Natural compound may enhance chemotherapy for aggressive leukemia

A laboratory study involving scientists from the University of Surrey and other institutions reports promising results for treating KMT2A‑rearranged acute myeloid leukaemia (KMT2A‑r AML), an aggressive form of the disease.

The research, led by Yoana Arroyo‑Berdugo and colleagues and published online ahead of print in the British Journal of Pharmacology in August 2025 (DOI: 10.1111/bph.70158), examines the effects of forskolin, a natural compound derived from the plant Coleus forskohlii, on KMT2A‑r AML cells.

According to the study and a summary from the University of Surrey, forskolin activates Protein Phosphatase 2A (PP2A) and reduces the expression of several cancer‑linked genes, including MYC, HOXA9 and HOXA10, in KMT2A‑r AML cells. This combination of actions was found to arrest proliferation and induce cell death in these leukaemia cells, indicating direct anti‑leukaemic activity.

The researchers also identified a notable additional effect. In KMT2A‑r AML cell lines and patient‑derived xenograft models, forskolin increased sensitivity to daunorubicin, a standard chemotherapy drug used to treat AML. The study reports that this chemosensitising effect did not depend on PP2A activation or on increased cyclic AMP levels. Instead, forskolin was found to raise the intracellular accumulation of daunorubicin by inhibiting the drug efflux pump P‑glycoprotein 1 (also known as a multidrug resistance protein), which cancer cells use to expel chemotherapy drugs.

In comments released by the University of Surrey and reproduced by outlets including Medical Xpress and ecancer, Dr Maria Teresa Esposito, Senior Lecturer in Biochemistry at the University of Surrey and a co‑author of the paper, said: "Our findings have highlighted an exciting dual mechanism of action for forskolin. Not only does it have direct anti‑leukaemic effects, but it also acts as a powerful enhancer to conventional chemotherapy. Combining forskolin with daunorubicin could lead to a more effective treatment strategy, potentially allowing for lower doses of chemotherapy and reducing the severe side effects often associated with AML treatments."

The work was supported by funding from Leukaemia UK, as noted in the journal article and institutional summaries.
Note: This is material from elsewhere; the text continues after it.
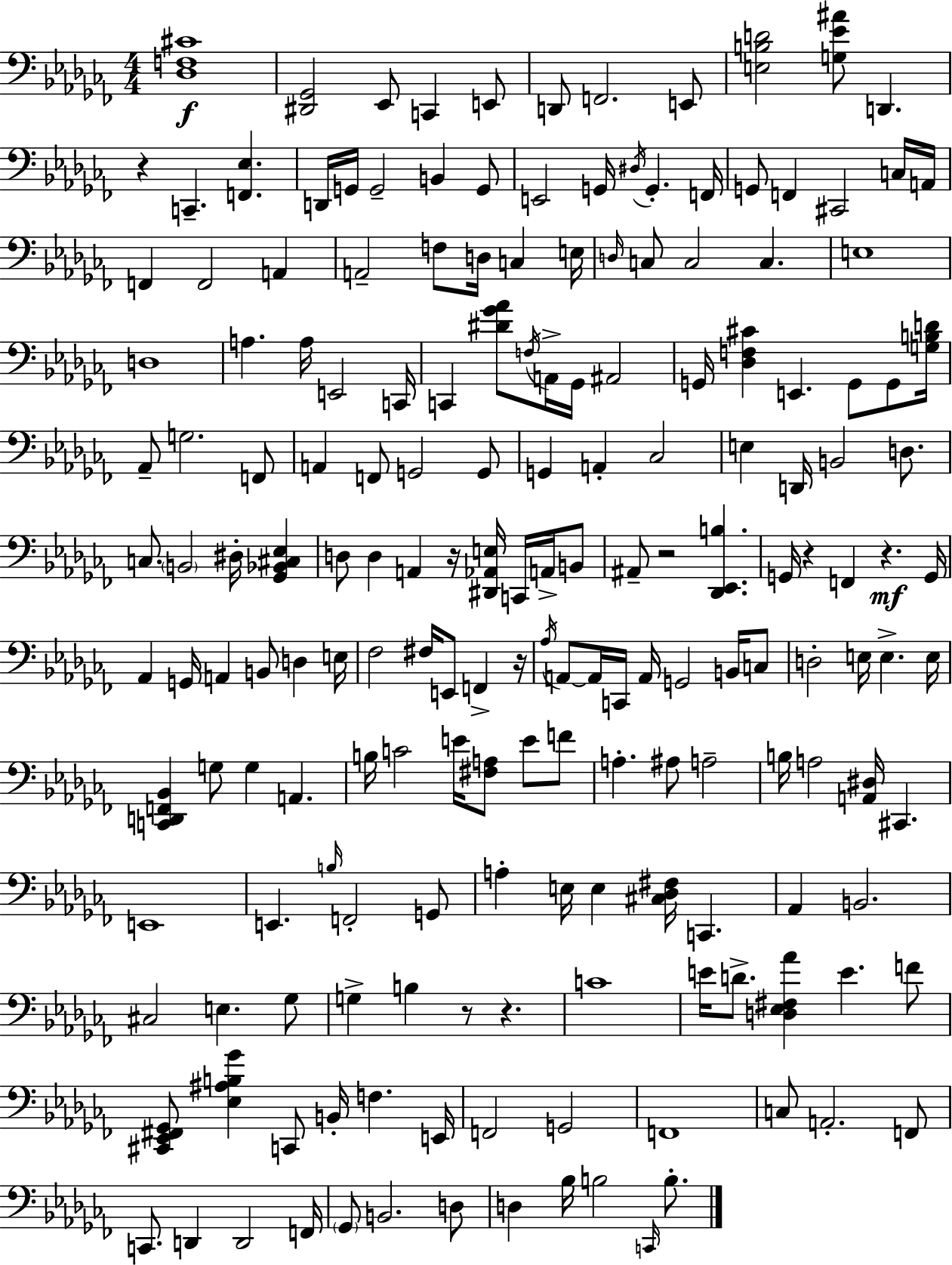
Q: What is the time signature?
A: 4/4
Additional support came from the Institute of Biomedical Science, the University of Roehampton and the University of Surrey. Collaborators on the study are affiliated with institutions including the University of Roehampton, the University of West London, Brunel University London, the Centre for Genomic Regulation in Barcelona, CEINGE Biotecnologie Avanzate in Naples, Pompeu Fabra University in Barcelona, the Great Ormond Street Institute of Child Health at UCL, Barts Cancer Institute at Queen Mary University of London and the University of Surrey.

In a statement carried by Medical Xpress, Dr Simon Ridley, director of research and advocacy at Leukaemia UK, described the potential implications of the research. He said that acute myeloid leukaemia is one of the most aggressive and deadly cancer types and that studies such as this deepen understanding of KMT2A‑rearranged AML while opening the door to potentially kinder, more effective treatments. He linked work of this kind to Leukaemia UK's goal of helping to double the five‑year survival rate for AML over the next decade.
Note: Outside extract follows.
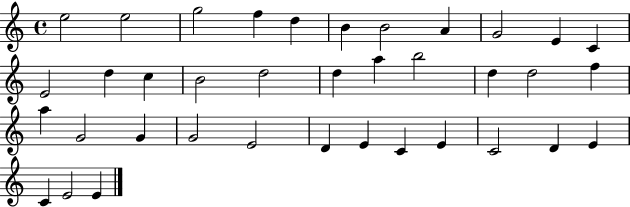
E5/h E5/h G5/h F5/q D5/q B4/q B4/h A4/q G4/h E4/q C4/q E4/h D5/q C5/q B4/h D5/h D5/q A5/q B5/h D5/q D5/h F5/q A5/q G4/h G4/q G4/h E4/h D4/q E4/q C4/q E4/q C4/h D4/q E4/q C4/q E4/h E4/q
The authors and the University of Surrey emphasise that the current findings come from preclinical experiments in cell lines and animal models. While the results support further investigation of forskolin, particularly in combination with daunorubicin, additional studies, including clinical trials, would be needed to determine whether this approach is safe and effective for patients with AML.